The revelation of the evening was soprano Gilda Fiume. Endowed with a sizeable but agile voice and a pleasant timbre, she thrilled with her Act I aria “Che potrei dirti, o caro.” The other characters mostly don’t feature in any arias, or at most just one, which are uniformly lacklustre.

The stage director chose to have the Danes and the English identified anachronistically with the present day Danish flag (a white cross on a red background) and the St George’s cross (a red cross on a white background) respectively. The Danes were not Christianized at the time and the English acquired the St George’s cross from the Genovese a while later.

Costumes in this production alternated between the present day and those of the epoch, for no clear reason other than cost savings. In lieu of sets, the audience were shown copious war videos, from World War I to present day Gaza. As Alfred the Great was a scholarly king, books were a recurring theme, with the English cherishing them and the Danes burning them.

The problem with Alfredo il Grande’s libretto is its lack of dramatic tension. We just have a good king and a loyal wife. Atkins, the Danish enemy, is obviously the evil character, scheming and without honour, but his character doesn’t develop, nor do those of the king and queen. Transformation is the main driving force of romantic opera, though here it’s nowhere to be found. No wonder the opera was only performed once – at its premiere!

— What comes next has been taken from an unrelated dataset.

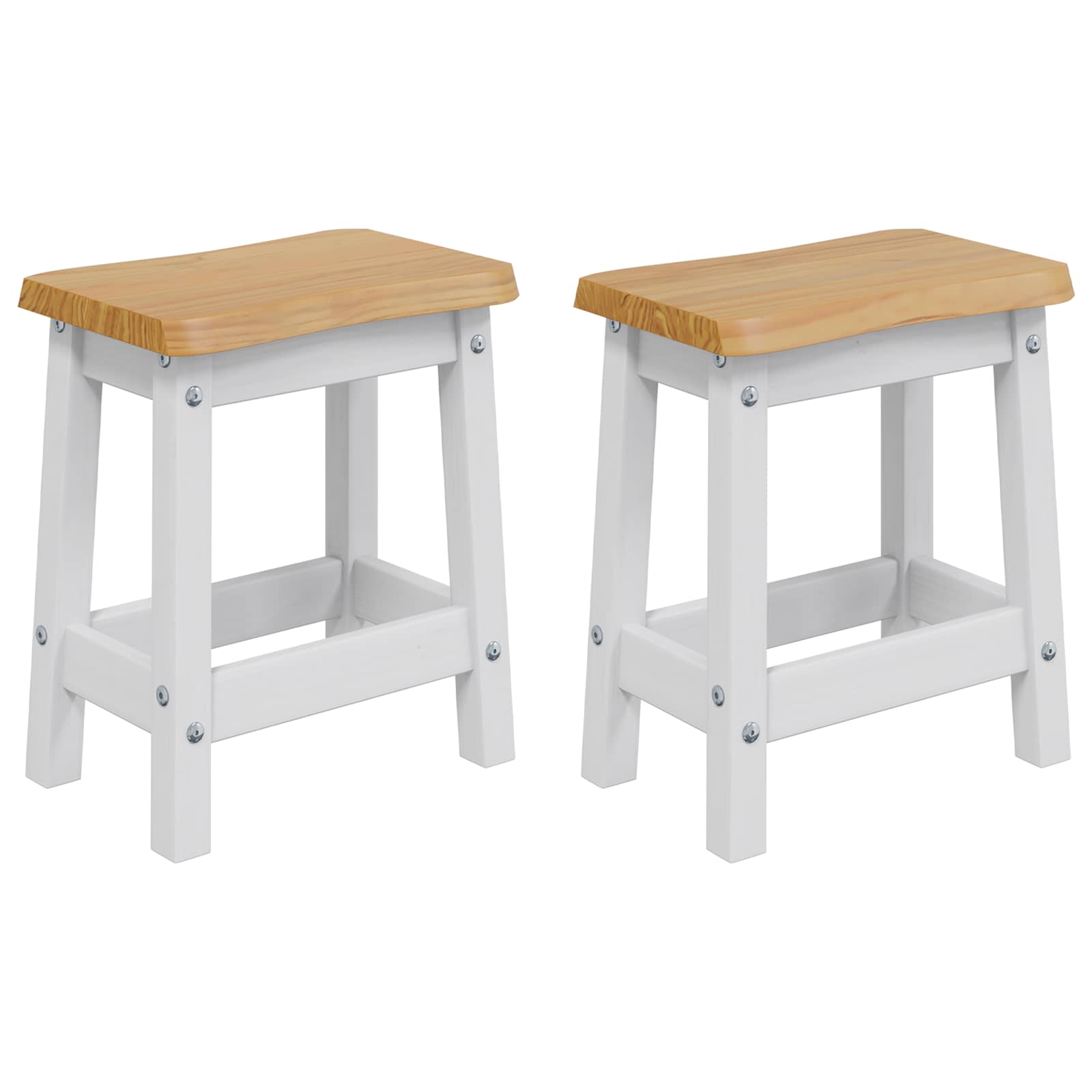 vidaXL Bar Stool EKAI 2 pcs White 40 x 29 x 45.5 cm Solid Pine Wood 2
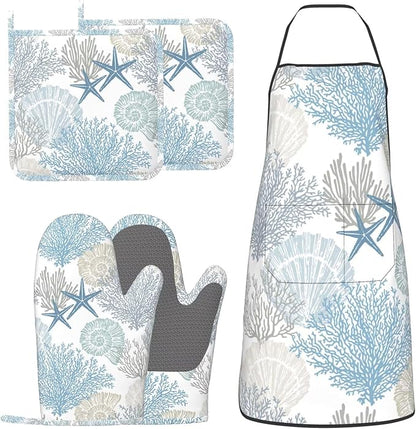 Nautical Coastal Oven Mitts Pot Holders Blue Cooking Apron Set of 5 Silicone Starfish Seashell Coral Beach Themed Kitchen Glove Blue Apron Non-Slip Heat Resistant for Chef Baking Cooking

The reason for mounting this particular 1823 work is undoubtedly its bicentennial. But is reviving an obvious dud justifiable? The simple answer is no, and it would not be possible in any place other than the Bergamo Festival. Firstly, this is Donizetti’s birthplace and this is where his ardent fans from around the world assemble. Secondly, it is instructive to hear the bel canto composer’s early works to understand his development. In short, this opera was no great revelation and there are at least a dozen other unfamiliar works that are at least as good as the master’s established operas that merit discovery more than Alfredo il Grande.

Works such Fausta (1832), Parisina (1833), Gemma di Vergy (1834), Belisario (1836), Les Martyrs (1840), Linda di Chamounix (1842), Maria di Rohan (1843), Dom Sébastien (1843) and Caterina Cornaro (1844), come to mind. However, most of these would involve finding an electrifying charismatic soprano and a wealthy sponsor. Indeed, some of these operas were revived in the last decades of the twentieth century with luminaries such as Leyla Gencer, Montserrat Caballé and Mariana Nicolescu.

Despite the relative weakness of the work, the production was a useful exercise. Also worthwhile was its inclusion of bel canto virtuosi tenor Antonino Siragusa and soprano Gilda Fiume. With their participation, the public enjoyed some delightful Donizetti singing of the highest calibre. So, I would say “mission accomplished”!